- Origin: Sweden
- Years active: 2013–present
- Members: Sören "Sulo" Karlsson; Mick Geggus; Dave Tregunna; Idde Schultz; Terry Chimes;

= The Crunch (band) =

Swedish power pop band

The Crunch is a Swedish power pop band.

==Career==
The Crunch started January 2013 after Sulo met the members when writing the book Keep Yourself Alive in 2012. The first single "Down by the Border," was released on 7" vinyl and a YouTube video on June 3, 2013, recorded at Berry Street Studio. The next single "Fire Again," was released for download and a YouTube video on October 14, 2013. The full album "Busy Making Noise" was released on October 28 (Legal Records) on CD, vinyl, and download. Their third single, a duet with Sulo and Swedish singer Idde Schultz called "A Little Bit of Grace," was released as a YouTube video on December 9, 2013 .

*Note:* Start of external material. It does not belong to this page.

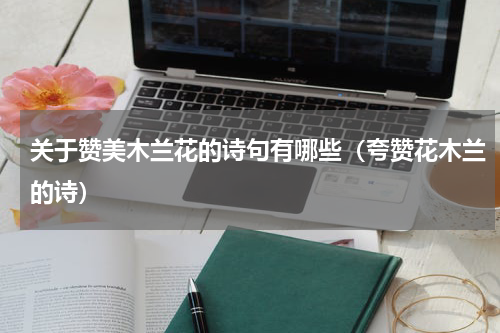 关于赞美木兰花的诗句有哪些（夸赞花木兰的诗）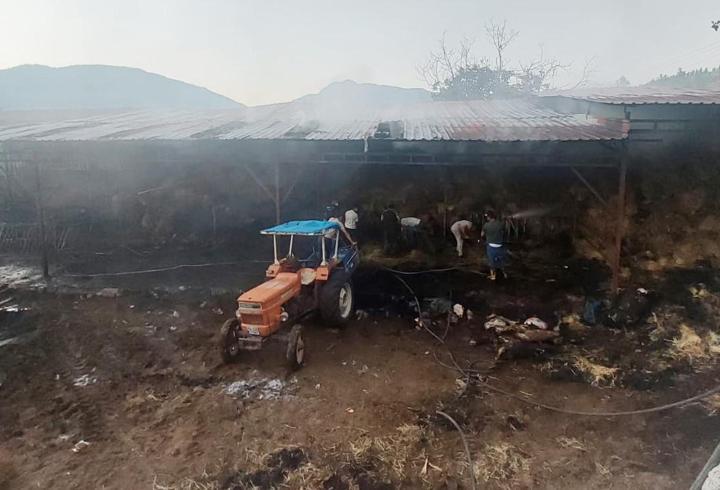 Yangında samanlar yandı, 4 büyükbaş öldü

The first gig the band did was at The Garage in London on June 5, 2013.

In 2015, the band's second album, "Brand New Brand," was released, funded through Music Pledge and distributed through Cargo Records.

==Members==
- Sören "Sulo" Karlsson (frontman) from The Diamond Dogs
- Mick Geggus (guitar) from Cockney Rejects
- Dave Tregunna (bass) from Sham 69 and The Lords of the New Church
- Idde Schultz (Keyboard and backup vocals)
- Terry Chimes (drums) from The Clash.